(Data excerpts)
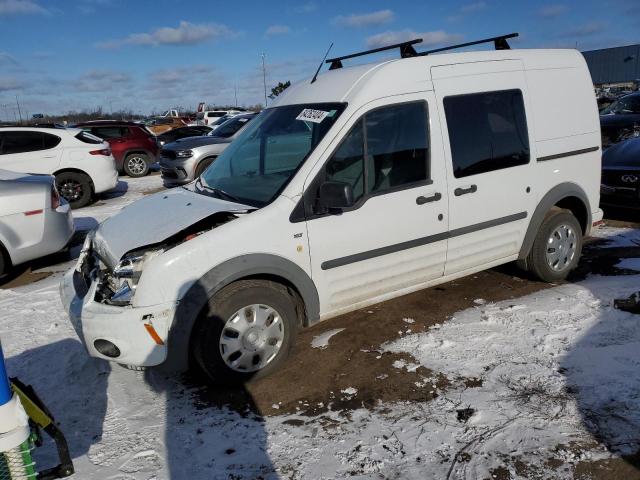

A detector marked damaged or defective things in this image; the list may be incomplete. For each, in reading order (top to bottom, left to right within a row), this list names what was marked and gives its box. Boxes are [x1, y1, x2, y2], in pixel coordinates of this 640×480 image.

front bumper damage [59, 262, 178, 368]
damaged headlight [104, 249, 162, 306]
salvage van front end damage [58, 186, 251, 366]
crumpled hood [94, 187, 251, 268]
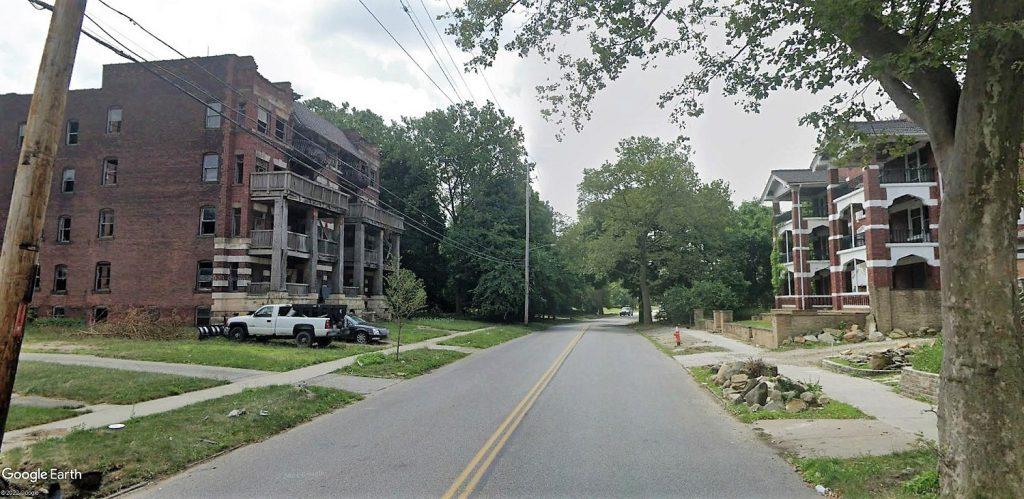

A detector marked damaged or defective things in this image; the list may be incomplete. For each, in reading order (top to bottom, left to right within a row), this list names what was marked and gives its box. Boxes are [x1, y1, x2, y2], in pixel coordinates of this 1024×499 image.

broken window [106, 107, 122, 135]
broken window [203, 101, 221, 128]
broken window [101, 158, 117, 186]
broken window [202, 154, 220, 184]
broken window [97, 208, 114, 237]
broken window [200, 205, 218, 236]
broken window [93, 262, 110, 292]
broken window [196, 260, 214, 292]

### WHAT IS BEING ASKED
Output the records exactly. Drop the images.

### EXERCISE RESULT
A detector marked damaged or defective things in this image; the list may be incomplete. For each, in reading order (top to bottom, left to right within a row), this list names what was marked and gives its box. Boxes are [x1, y1, x2, y2], in pixel coordinates of this 640×480 image.

front bumper damage [59, 262, 178, 368]
damaged headlight [104, 249, 162, 306]
salvage van front end damage [58, 186, 251, 366]
crumpled hood [94, 187, 251, 268]

A detector marked damaged or defective things in this image; the list may be incomplete. For each, in reading order (top to bottom, left to right within a row), this list names what was marked and gives its box. Boxes are [x1, y1, x2, y2], in pixel coordinates of this 1024×499 image.

broken window [106, 107, 122, 135]
broken window [203, 101, 221, 128]
broken window [101, 158, 117, 186]
broken window [202, 154, 220, 184]
broken window [97, 208, 114, 237]
broken window [200, 205, 218, 236]
broken window [93, 262, 110, 292]
broken window [196, 260, 214, 292]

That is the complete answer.